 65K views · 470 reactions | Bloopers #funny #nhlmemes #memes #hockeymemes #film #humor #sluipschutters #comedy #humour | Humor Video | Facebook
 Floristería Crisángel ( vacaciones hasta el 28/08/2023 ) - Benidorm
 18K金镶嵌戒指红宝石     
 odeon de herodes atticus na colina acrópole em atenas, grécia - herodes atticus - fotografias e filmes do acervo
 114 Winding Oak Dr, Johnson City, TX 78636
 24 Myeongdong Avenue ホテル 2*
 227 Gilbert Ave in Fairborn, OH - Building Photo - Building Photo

...

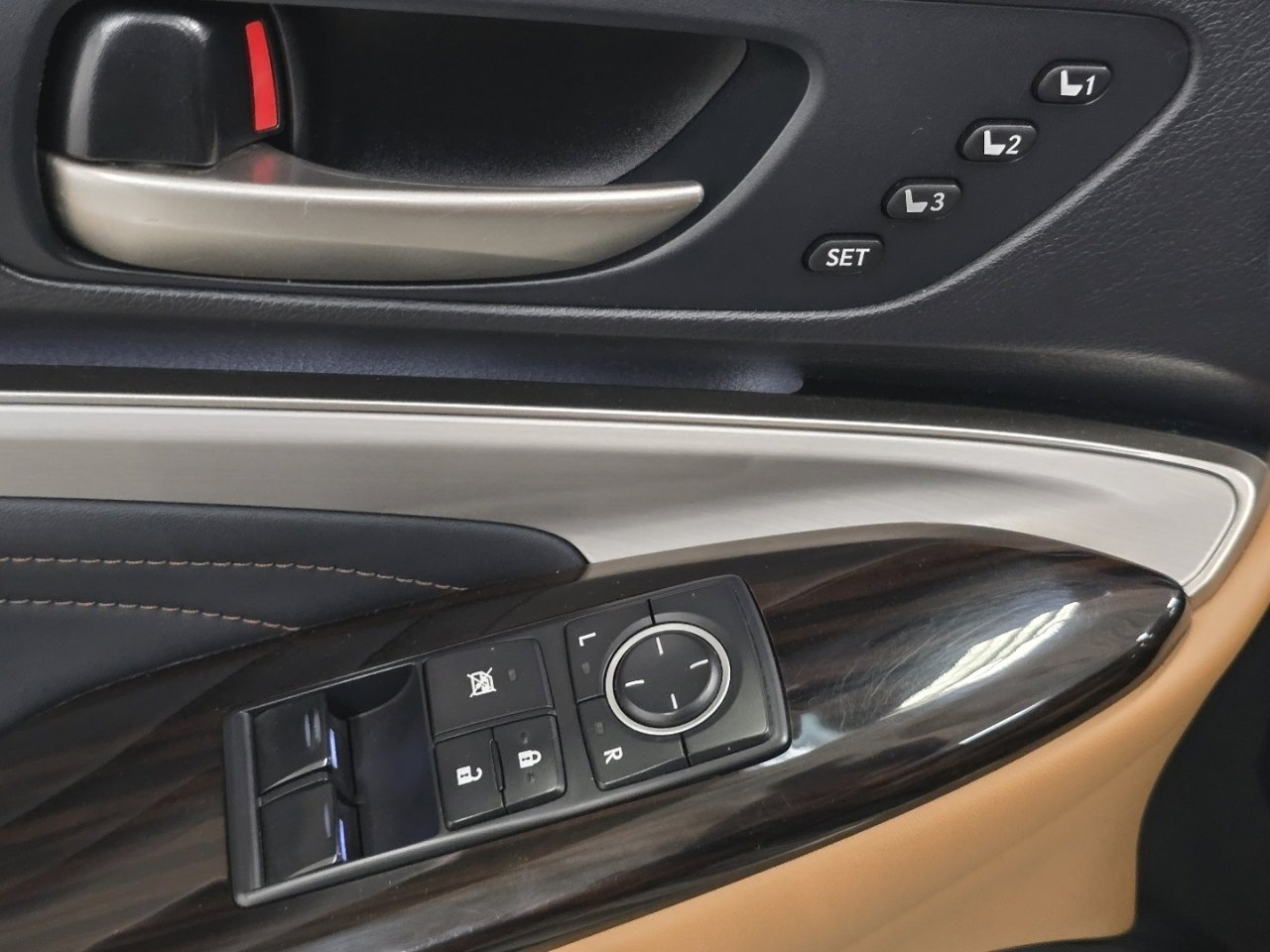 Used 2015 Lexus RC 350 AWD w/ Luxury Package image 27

=== WHAT YOU NEED TO DO ===
Copy exactly the stretch of data above from the line with "65K views ·" through the line with "227 Gilbert Ave", and omit all other lines.

=== ANSWER FOR THE TASK ===
 65K views · 470 reactions | Bloopers #funny #nhlmemes #memes #hockeymemes #film #humor #sluipschutters #comedy #humour | Humor Video | Facebook
 Floristería Crisángel ( vacaciones hasta el 28/08/2023 ) - Benidorm
 18K金镶嵌戒指红宝石     
 odeon de herodes atticus na colina acrópole em atenas, grécia - herodes atticus - fotografias e filmes do acervo
 114 Winding Oak Dr, Johnson City, TX 78636
 24 Myeongdong Avenue ホテル 2*
 227 Gilbert Ave in Fairborn, OH - Building Photo - Building Photo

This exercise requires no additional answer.